商店街を抜けるとちょっと空気が変わる。貸し出し用の杖が置かれていたりして、いかにも「ここから山が始まるよー」といった雰囲気。
ここからこんぴらさんの本宮までは階段で785段あるのだとか。それが多いのかそうでもないのか、数字だけではピンとこなかった。
でも
どこまでも続く階段を一段一段上っていくと、785段という数がとんでもない数だということに気づかされる。
なにしろ上っても上っても階段なんである。
一段飛ばしとかするとご利益が薄れるんじゃないかと勝手に思い(すでに信心深くなってる)、一歩一歩確実にふみしめていく。

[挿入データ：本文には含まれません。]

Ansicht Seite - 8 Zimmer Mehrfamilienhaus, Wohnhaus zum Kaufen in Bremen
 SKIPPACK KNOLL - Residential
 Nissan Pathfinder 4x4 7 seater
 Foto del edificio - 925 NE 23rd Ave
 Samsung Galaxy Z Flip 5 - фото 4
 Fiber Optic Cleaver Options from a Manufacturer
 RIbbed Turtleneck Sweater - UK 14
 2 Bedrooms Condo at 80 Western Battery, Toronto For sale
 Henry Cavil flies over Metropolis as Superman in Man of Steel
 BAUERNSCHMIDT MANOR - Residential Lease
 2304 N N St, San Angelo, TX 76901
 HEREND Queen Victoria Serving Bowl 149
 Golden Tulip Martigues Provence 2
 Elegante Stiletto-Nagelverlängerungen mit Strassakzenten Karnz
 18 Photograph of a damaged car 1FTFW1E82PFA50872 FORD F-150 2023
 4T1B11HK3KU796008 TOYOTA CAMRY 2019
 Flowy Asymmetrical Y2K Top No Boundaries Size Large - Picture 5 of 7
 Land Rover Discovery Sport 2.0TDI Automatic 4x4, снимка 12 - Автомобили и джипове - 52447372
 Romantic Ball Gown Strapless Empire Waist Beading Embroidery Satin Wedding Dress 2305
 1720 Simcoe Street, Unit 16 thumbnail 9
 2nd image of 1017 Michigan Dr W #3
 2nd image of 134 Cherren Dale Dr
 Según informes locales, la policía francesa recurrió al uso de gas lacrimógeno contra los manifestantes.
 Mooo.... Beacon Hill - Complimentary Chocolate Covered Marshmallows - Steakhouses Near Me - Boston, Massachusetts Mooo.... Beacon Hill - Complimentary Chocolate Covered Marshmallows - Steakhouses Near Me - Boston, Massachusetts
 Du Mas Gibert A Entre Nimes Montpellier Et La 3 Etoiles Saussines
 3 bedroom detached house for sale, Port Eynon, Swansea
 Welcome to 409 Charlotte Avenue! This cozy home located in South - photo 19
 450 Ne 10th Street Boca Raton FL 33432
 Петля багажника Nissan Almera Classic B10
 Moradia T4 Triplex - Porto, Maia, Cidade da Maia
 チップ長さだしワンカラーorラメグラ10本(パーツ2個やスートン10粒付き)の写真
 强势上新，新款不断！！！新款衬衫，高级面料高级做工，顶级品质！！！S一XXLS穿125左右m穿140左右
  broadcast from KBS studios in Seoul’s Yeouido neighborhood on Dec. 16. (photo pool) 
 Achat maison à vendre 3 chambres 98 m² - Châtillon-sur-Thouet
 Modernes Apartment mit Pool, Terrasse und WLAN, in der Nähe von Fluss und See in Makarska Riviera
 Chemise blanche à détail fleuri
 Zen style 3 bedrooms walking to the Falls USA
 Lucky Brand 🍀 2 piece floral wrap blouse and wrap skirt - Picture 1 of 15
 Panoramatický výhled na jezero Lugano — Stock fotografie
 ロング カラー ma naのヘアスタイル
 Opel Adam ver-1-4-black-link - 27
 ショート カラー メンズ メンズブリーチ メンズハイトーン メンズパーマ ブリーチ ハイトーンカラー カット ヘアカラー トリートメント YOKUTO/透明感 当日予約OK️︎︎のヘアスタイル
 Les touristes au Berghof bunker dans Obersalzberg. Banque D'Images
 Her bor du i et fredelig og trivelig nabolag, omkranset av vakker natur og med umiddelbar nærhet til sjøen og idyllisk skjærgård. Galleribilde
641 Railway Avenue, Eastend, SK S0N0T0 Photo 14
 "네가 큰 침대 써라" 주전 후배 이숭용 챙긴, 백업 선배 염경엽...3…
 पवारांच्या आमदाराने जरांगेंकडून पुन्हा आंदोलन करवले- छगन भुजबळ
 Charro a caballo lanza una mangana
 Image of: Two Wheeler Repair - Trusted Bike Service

御本宮で下界を見下ろすと、こんなに上ってきたのかと誇らしくなった。
しかしここからさらに先があるのだという。
御本宮だってしっかり力強いので達成感があるが、さらに上ると奥社と呼ばれる場所があるらしいのだ(対談で天久さんがばち当たりなことすると死ぬって言ってた場所である)。
ここでまた山の雰囲気が変わった。
御本宮からさらに583段上ると奥社がある。
これはすごい。ここから見える景色もすごいけれど、なにしろここまで1368段もの階段を上がってきた人だけが感じられる達成感みたいなものがある。会う人会う人、「たいへんでしたねー」「汗かいちゃいましたー」とお互いをねぎらっていて、この雰囲気がすでにご利益満点である。
こんぴらさん近くの足湯
こんぴらさんから下山したらぜひおすすめしたいのが、参道の温泉施設にある足湯である。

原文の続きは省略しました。